Tu n’as pas de cœur… aborde aussi avec une acuité parfois déconcertante le poids des traditions, de l’entourage social, de l’appartenance à une caste (le milieu bourgeois est épinglé, non sans jouissance), ce poids qui peut conduire au pire.
En situant son récit (on peut parler d’essai), la narratrice nous dépeint à travers un kaléidoscope plutôt coloré diverses situations qui l’ont conduite à ce sentiment amer qu’a laissé son éducation. Elle fouille aussi, avec une grande pudeur, les frustrations de ses aînées – la vie quotidienne de femmes dans des époques reculées, mais pas si lointaines, qui n’ont pas toujours pu vivre pleinement leurs passions, devant toujours dissimuler, mentir ou se taire. Et l’on sait combien verbaliser les choses apaise. Elle aborde avec une pertinence qui fait mouche la violence qui peut se révéler quand on se retient trop, quand on vit toujours sous contrôle. Du coup, on trouve des boucs émissaires (ici, la jeune fille) et l’on passe ses colères en invectives, en humiliations, en coups.
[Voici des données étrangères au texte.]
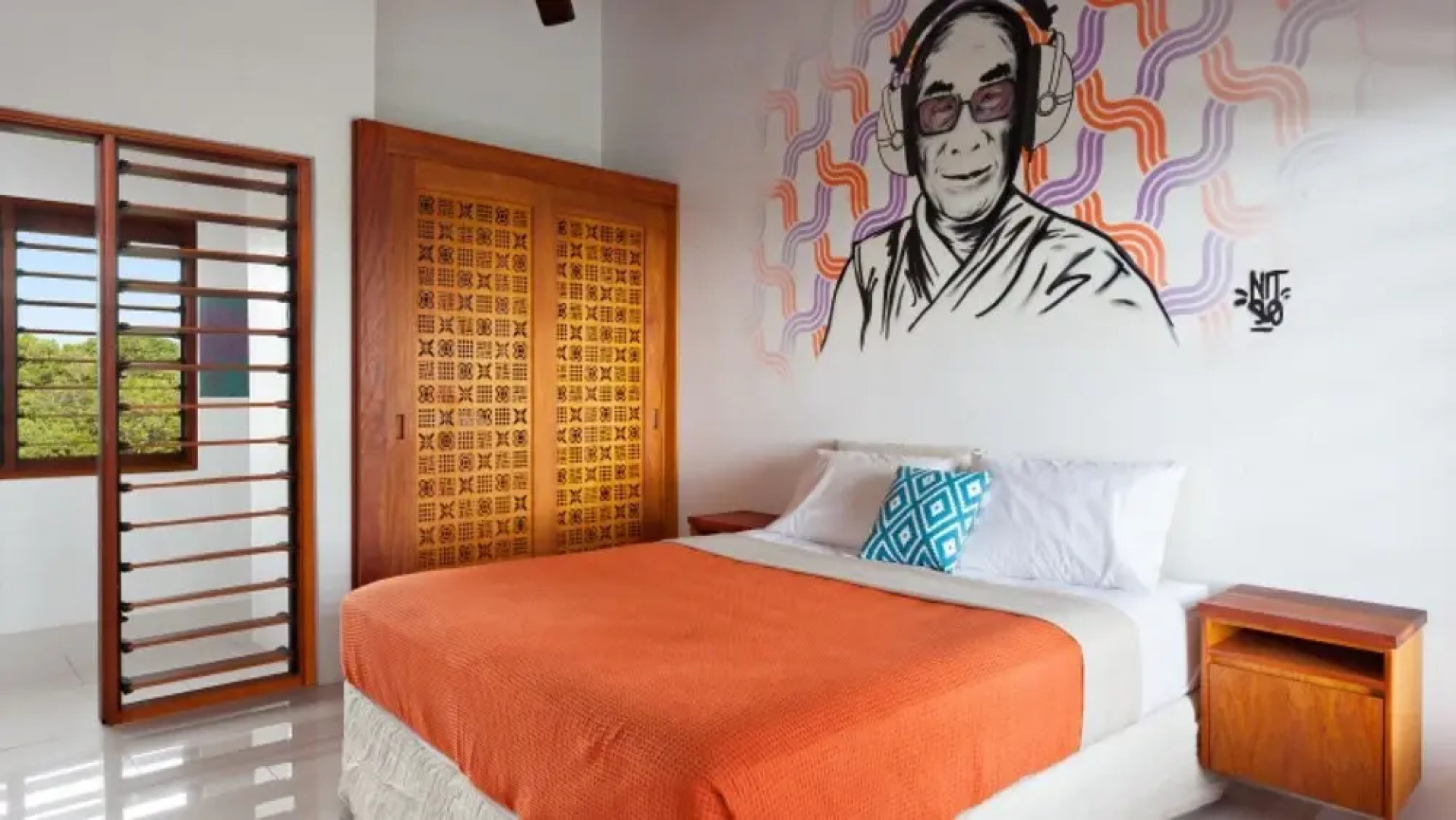 Private Holiday House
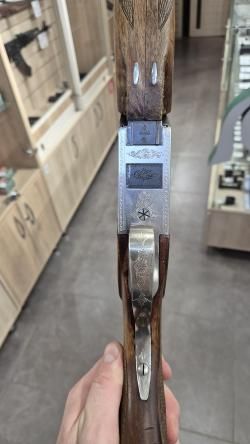 ТОЗ-34ЕР, кал. 12х70, 1990 г.в. ШТУЧНОЕ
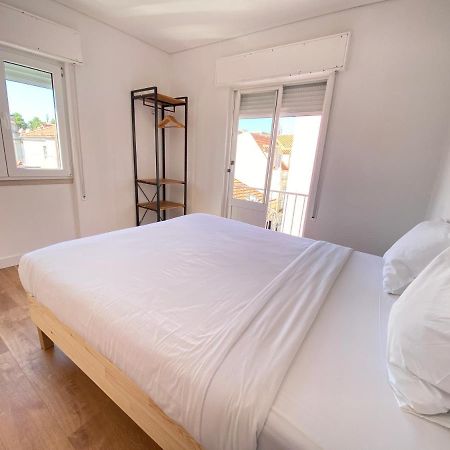 Delta Apartment Сетубал Экстерьер фото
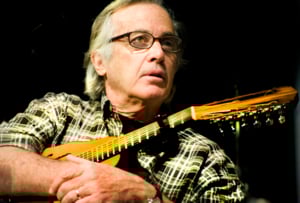 Jesse James - Ry Cooder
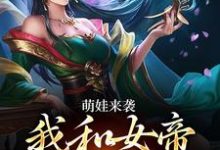 主人公是许墨的小说萌娃来袭，我和女帝绑定了免费阅读-逐鹿文学
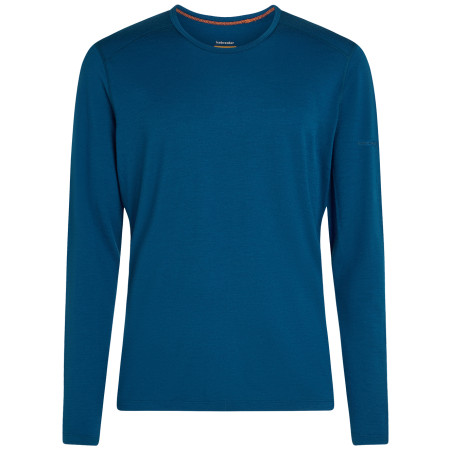 Pánské triko Icebreaker Mens 200 Oasis LS Crewe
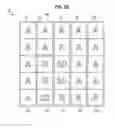 Fig. 08 - Electronic gaming device with quasi-persistent synchronized reel games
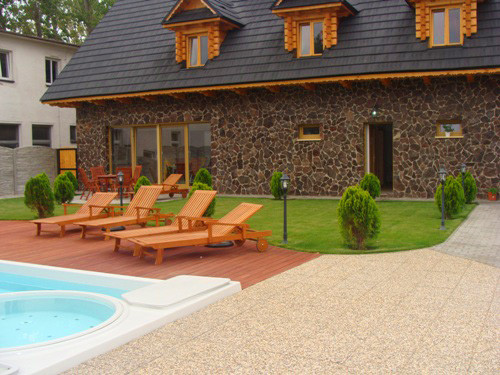 Hotel Koliba Senec #26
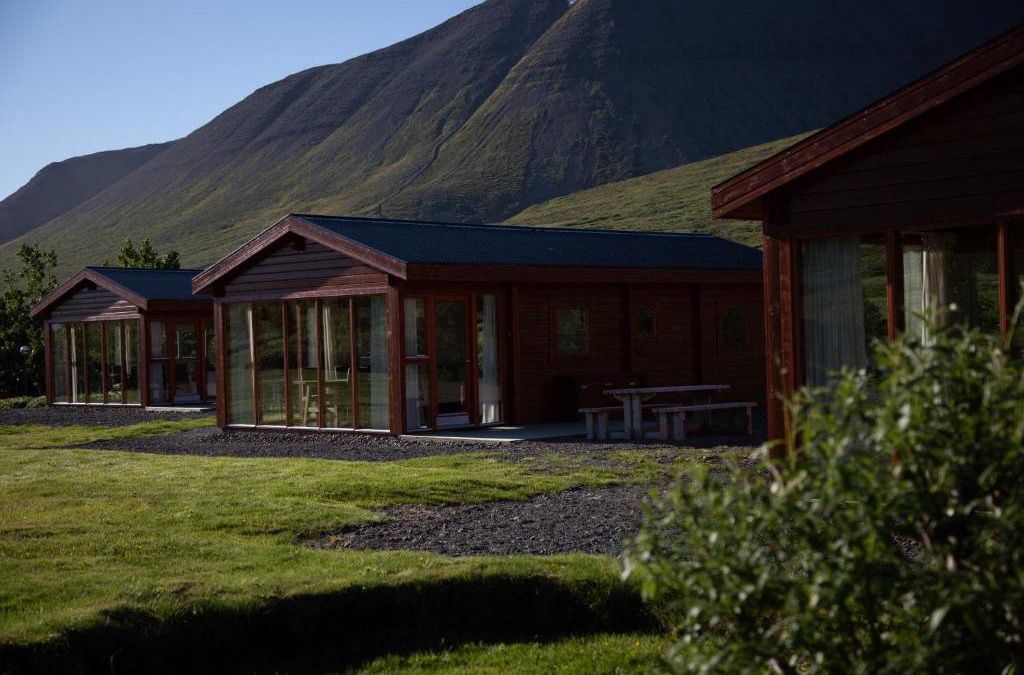 Skagafjordur Resort | Dalasetur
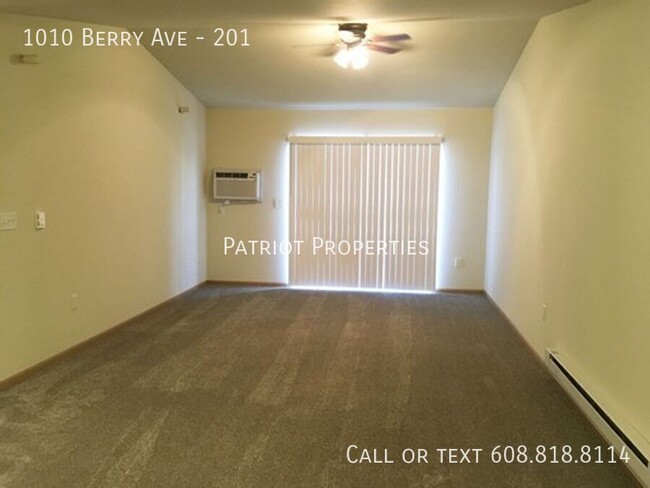 Building Photo - 1010 Berry Ave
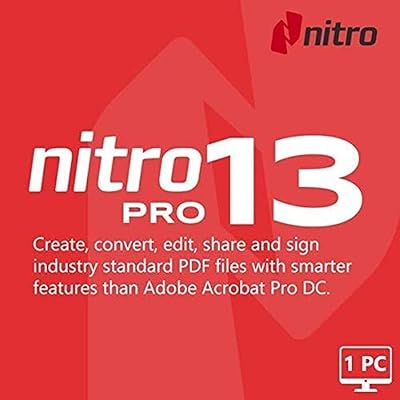 Nitro Pro V.13 | PDF editor.. DIAYTAR NIGERIA: Making online shopping accessible with affordable prices and nationwide delivery service.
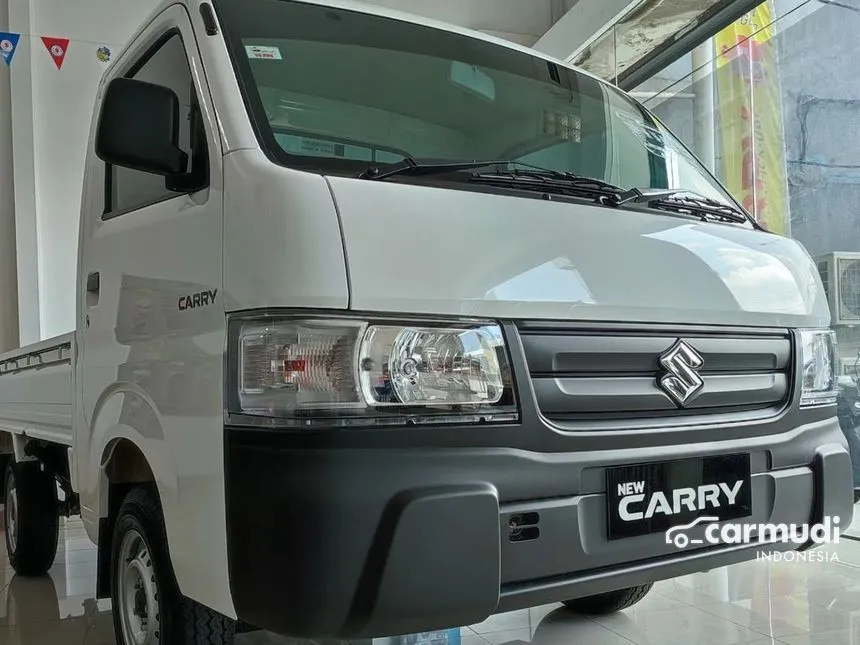 2024 Suzuki Carry FD Pick-up
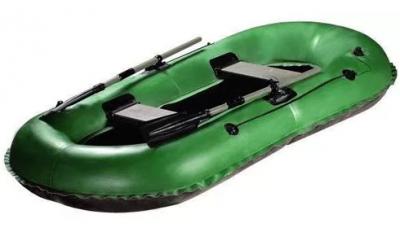 Лодка Нырок 2-03 гребная Лодка Нырок 2-03 гребная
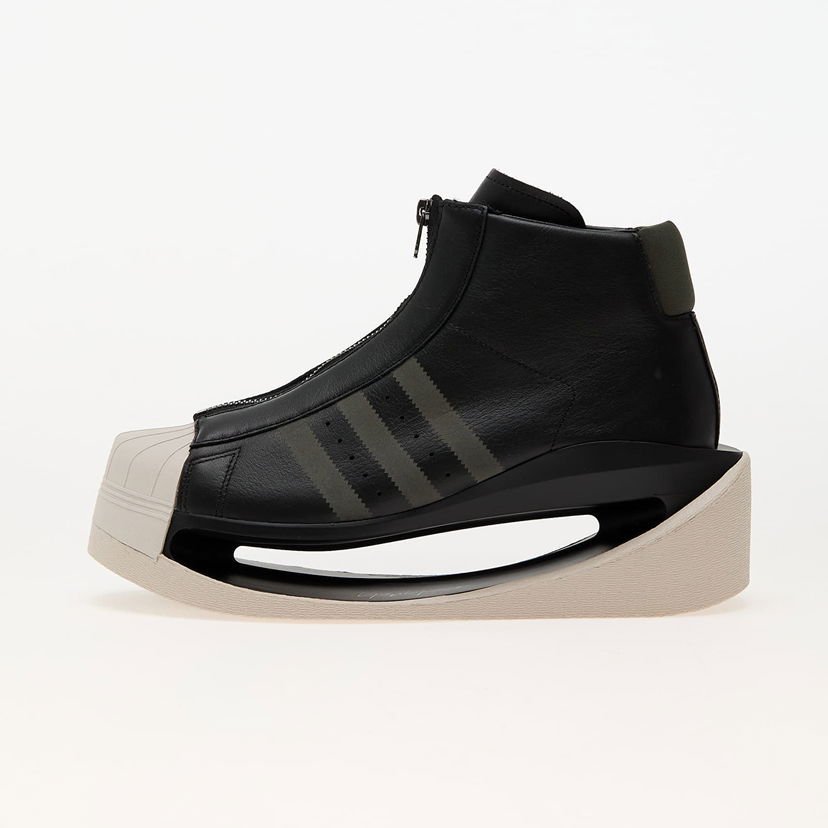 Sneakers och skor Y-3 Gendo Pro Model Black/ Cinder/ Chapea Svart | IF2023
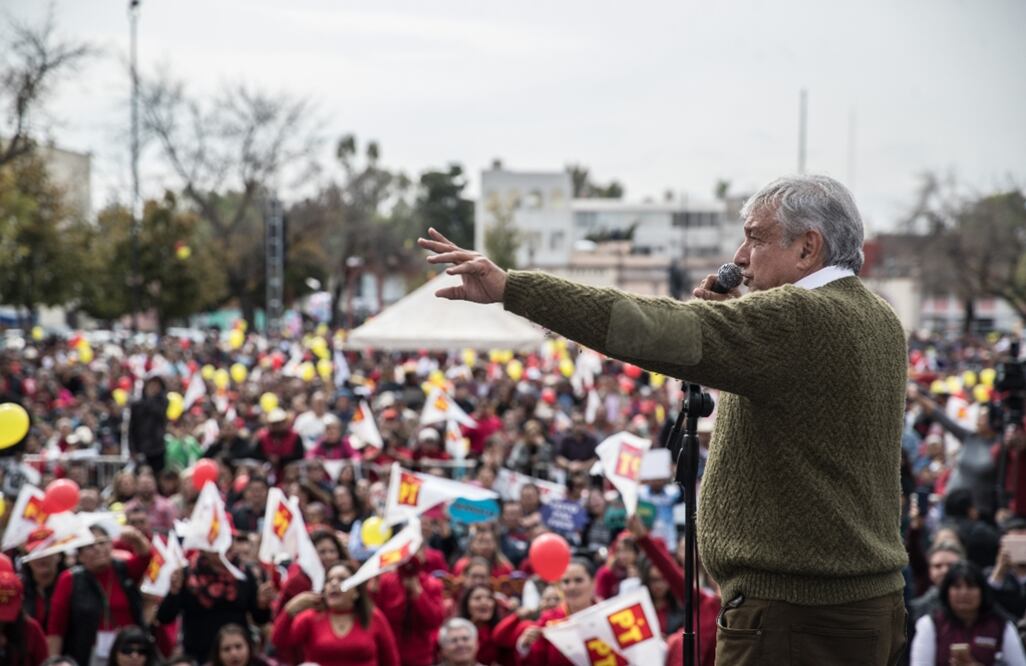 Foto: Germán Espinosa/EL UNIVERSAL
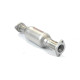  SUPERSPRINT exhaust systems Supersprint Sport performance package / B RENAULT CLIO I 1.8 16V | races-shop.com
Le récit parfois teinté d’humour est également empreint d’une dureté permanente. Parce que les humains sont imparfaits, parce que d’aucuns, pour exister un peu, seraient prêts à tout, même le pire. Alors comment sort-on moins cabossé d’un tel champ de bataille ? Christine Jordis a son idée là-dessus, et l’on peut rejoindre tant son analyse que sa démonstration : par l’art, les arts et ici-bas : la littérature. Et l’imaginaire…
En effet, on trouve sa résilience comme l’on peut avec les appétences qui nous apaisent. Impossible de ne pas penser à l’œuvre d’Annie Ernaux pendant cette lecture tout comme au superbe roman Lignes de faille (2006) de Nancy Huston.
Christine Jordis, Tu n’as pas de cœur…, Paris, Albin Michel, 325 pages, parution février 2019, prix : 20€.
Christine Jordis a étudié à la Sorbonne et à Harvard. Auteure d’une thèse de doctorat sur l’humour noir en anglais, elle a été responsable de la littérature au British Council et a dirigé la littérature aux Éditions Gallimard. Elle est membre du comité de lecteur des éditions Gallimard et du Prix Femina. Après William Blake ou l’infini, Grand Prix SGDL de l’essai, Paysage d’hiver, Prix Écritures et Spiritualités, et Automnes, Tu n’as pas de cœur… est le quatrième titre qu’elle fait paraître aux Éditions Albin Michel.